The conduction of nerve impulses along a nerve fiber is associated with a change in the permeability of the membrane. The channels widen, and sodium ions (Na+) move to the inside of the fiber. At the same time, potassium ions (K+) diffuse out through other channels. As these electrolytes change positions, an electrical charge is set up and the impulses will travel down the nerve fiber. This process is called depolarization. Once the nerve impulse has passed, the channels become smaller. Sodium ions (Na+) are now “pumped” out of the fiber and potassium ions (K+) are pumped back in. The nerve membrane is now repolarized and ready to conduct another impulse.

Local anesthetic agents stabilize nerve membrane by inhibiting the sodium influx required for the initiation and conduction of impulses. The local anesthetic effect of numbness lasts as long as the agent maintains a certain critical concentration in the nerve membrane.

Subsequent to tissue injury, the expression of sodium channels in nerve fibers is altered significantly thus leading to abnormal excitability in the sensory neurons. Studies have shown that the inflammatory mediators interleukin-1beta, interleukin-6, interleukin-1 receptor antagonist and inducible nitric oxide synthetase are significantly increased when there is excessive nerve traffic as occurs during seizures or persistent pain [134][72]. Local anesthetic agents like anti-epileptic medications decrease pain by reducing the rate of continuing discharge of injured and inflamed nerve fibers. Blockade of sodium channels in nerve cells leads to a decrease in electrical activity and a subsequent reduction in release of the excitatory nerve transmitter glutamate.
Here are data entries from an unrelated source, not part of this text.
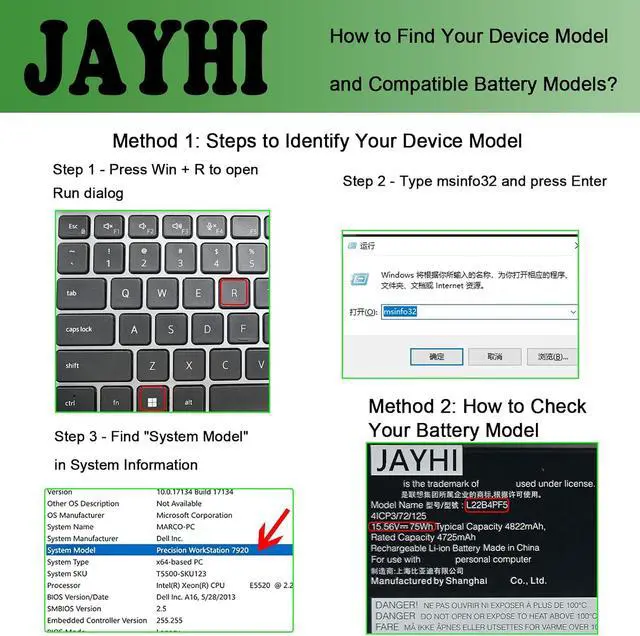 Alt view image 2 of 7 - JAYHI L22B4PF5 75Wh 4822mAh Laptop Battery SB11N45293 5B11N45301 15.56V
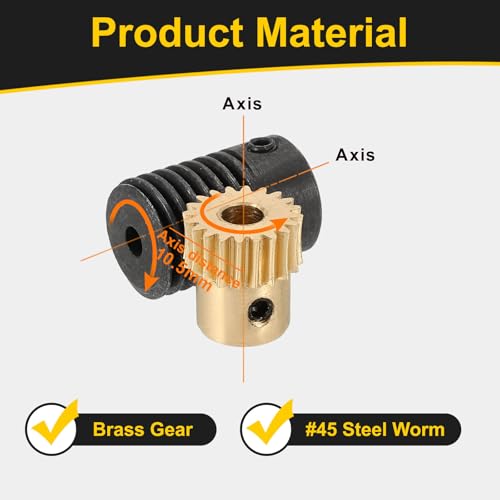 uxcell Worm Gear Set 20T 0.5 Module 20:1 Reduction Rate, Right Rotation Drive Gear Box Wheel Reduce Transmission Part (Brass Gear-4mm Bore, #45 Steel Rod 3mm Bore) - size: Gear-4mm, Rod-3mm Bore, style: 0.5M-20T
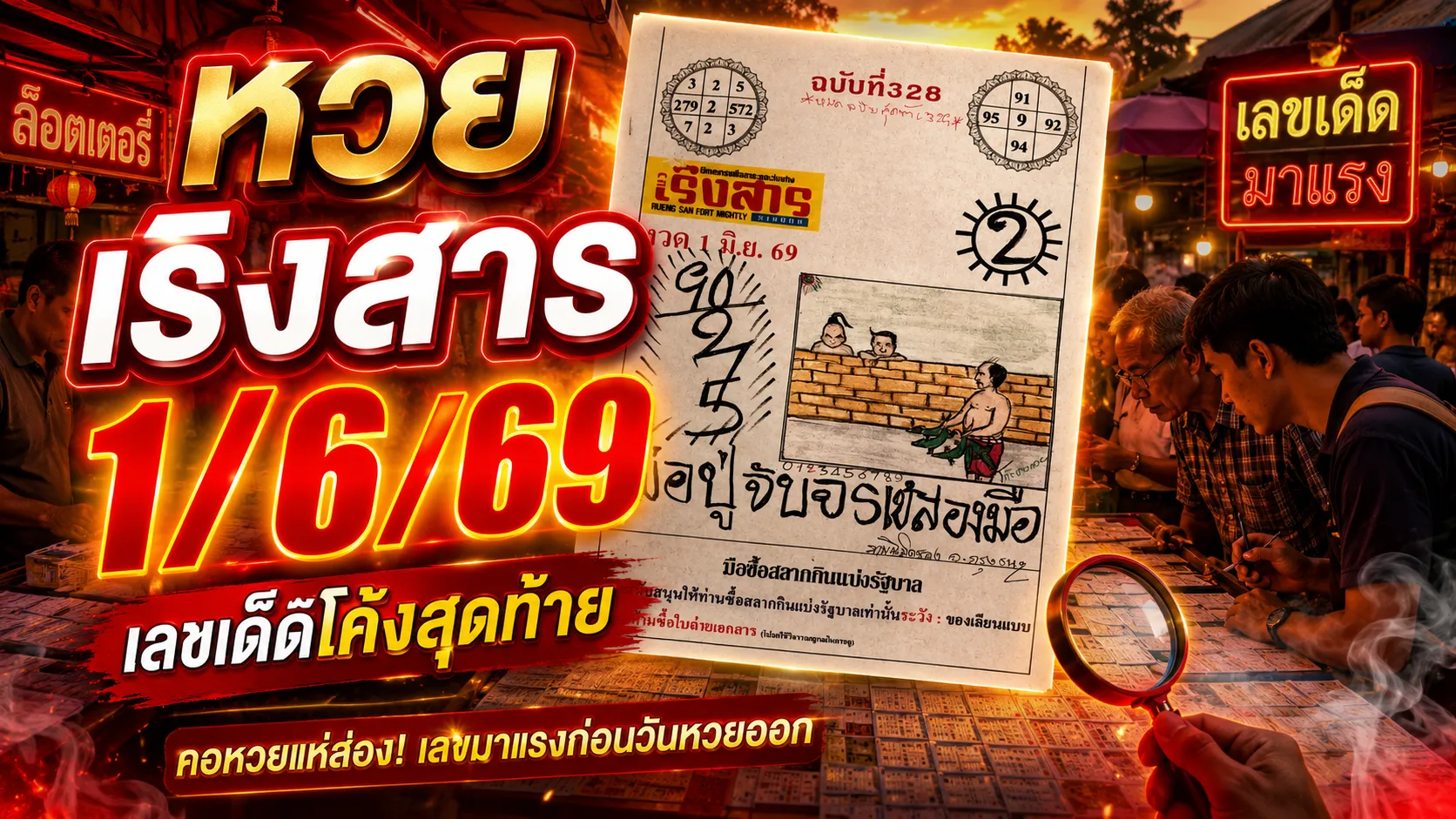 หวยเริงสาร 1/6/69 เปิดเลขเด็ดงวดนี้ เลขดังมาแรงที่คอหวยจับตา หวยเริงสาร 1669 ล่าสุด เปิดเลขเด็ดงวดนี้ คอหวยแห่ส่องเลขดังโซเชียลก่อนหวยออก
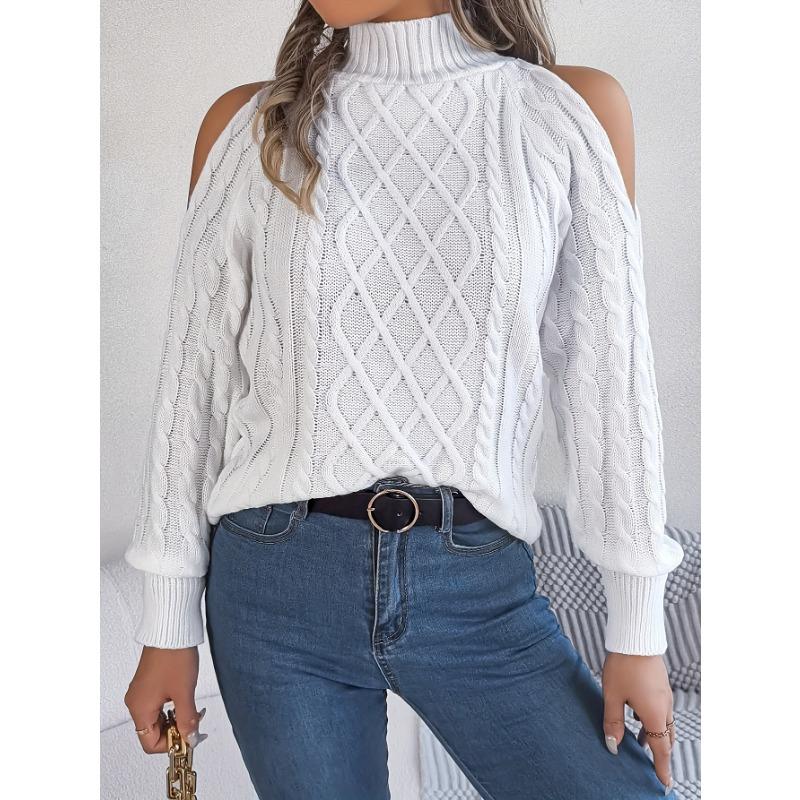 Women's Off-Shoulder High Neck Cable- Sweater - Soft Stretchy Long Sleeve Pullover, Solid Color Casual Chic Fall Winter Top, Highneck Pullover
Researchers have found that preemptive analgesia — delivering pain medication to patients before or just after surgery — results in significant pain reduction long afterward – for a period that significantly exceeds the duration of action of the local anesthetic or analgesic medication. Beginning pain treatment before or immediately after surgery can vastly decrease post-operative pain [135] [136] [137] .


The role of surgery is uncontested when there is an underlying surgical condition such as a fracture or perforated appendix that produces a continuous aggravation and ongoing production of inflammatory mediators that cannot be controlled by medical intervention. Surgery should not be performed just to treat a structural abnormality and will often be counter productive if a persistent pain condition is amenable to biochemical intervention as described in this book.